● WORK INSTRUCTIONS
Leaving out the pictures, reproduce each record exactly and in full.

● DATA
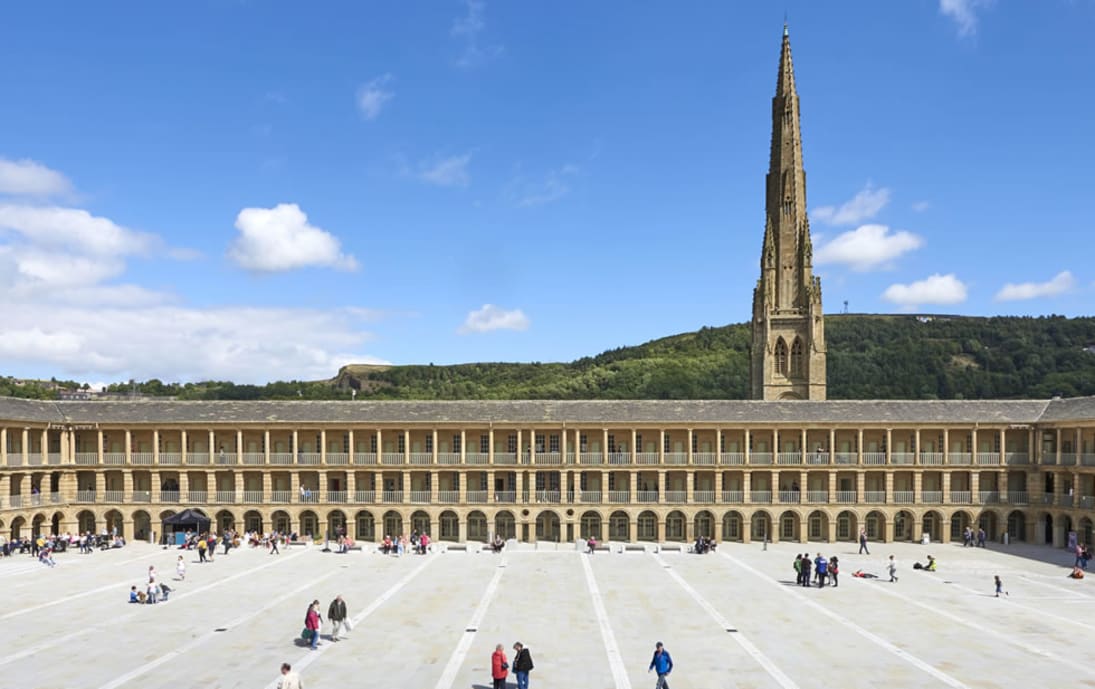 The Piece Hall, Halifax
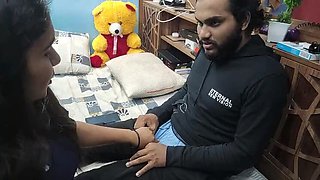 Hot Indian Lady Doctor Fucks Patient in Secret Room - Hardcore Mallu Sex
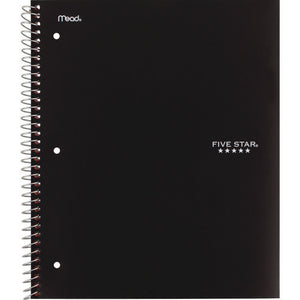 NOTEBOOK,5SUB CR,2PK,AST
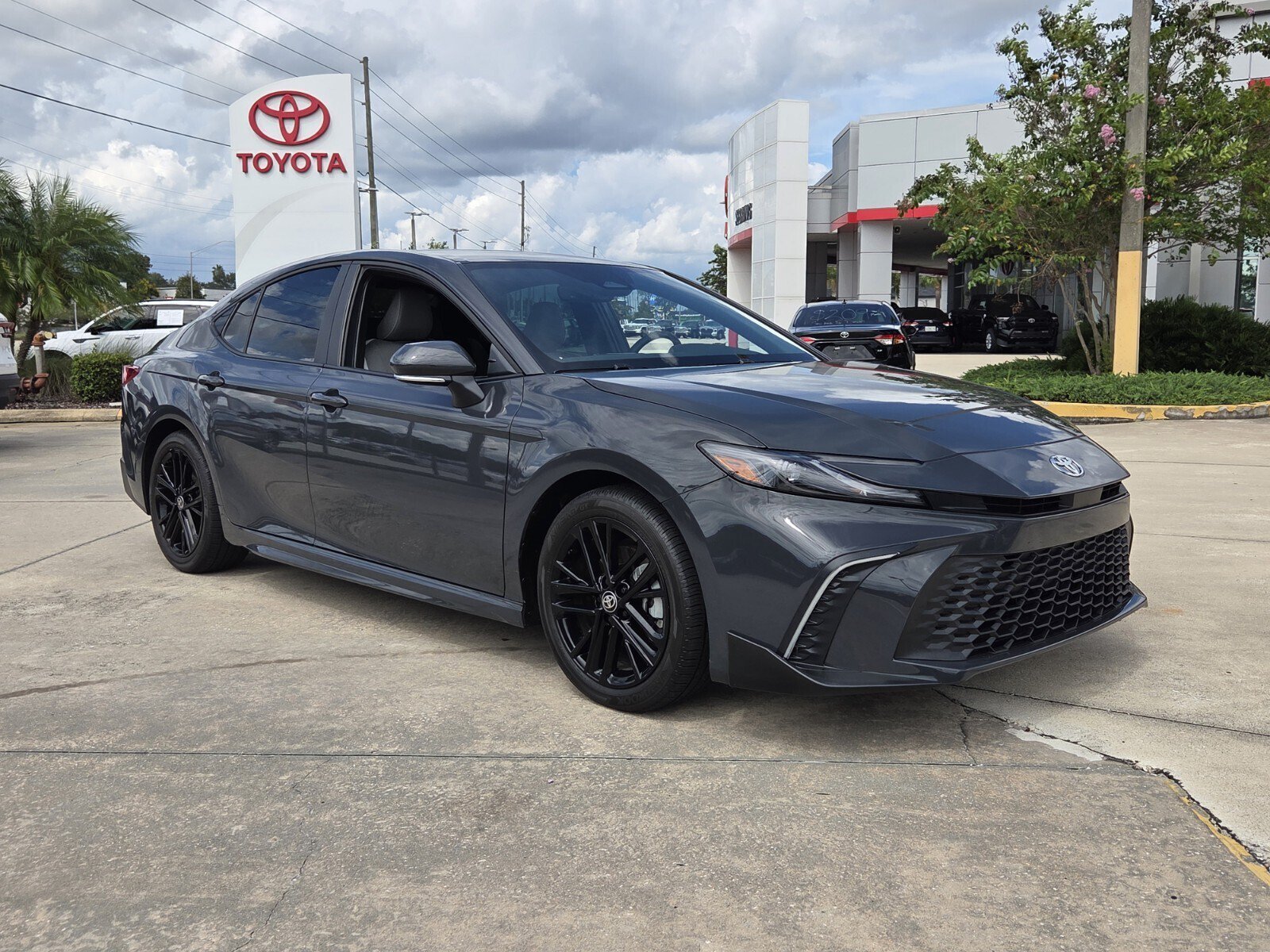 Certified 2026 Toyota Camry LE Sedan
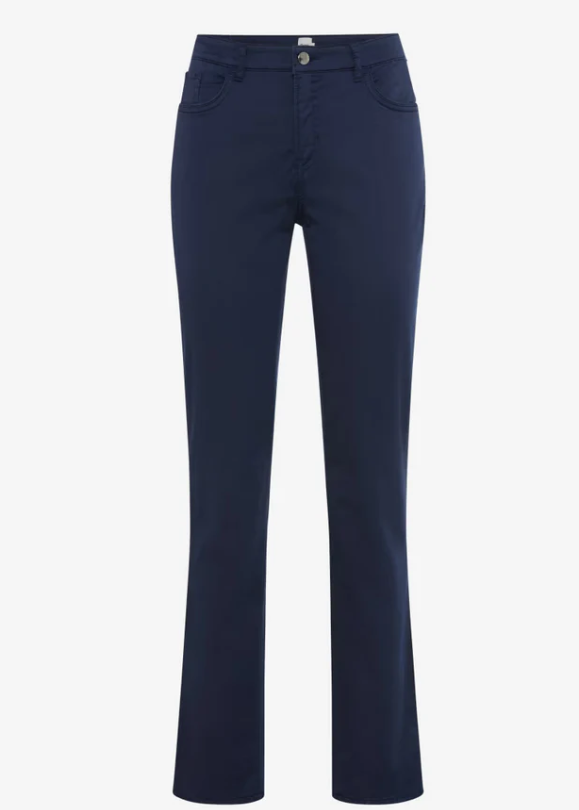 Brax Mary Winter Dream Trousers Navy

● EXERCISE RESULT
 The Piece Hall, Halifax
 Hot Indian Lady Doctor Fucks Patient in Secret Room - Hardcore Mallu Sex
 NOTEBOOK,5SUB CR,2PK,AST
 Certified 2026 Toyota Camry LE Sedan
 Brax Mary Winter Dream Trousers Navy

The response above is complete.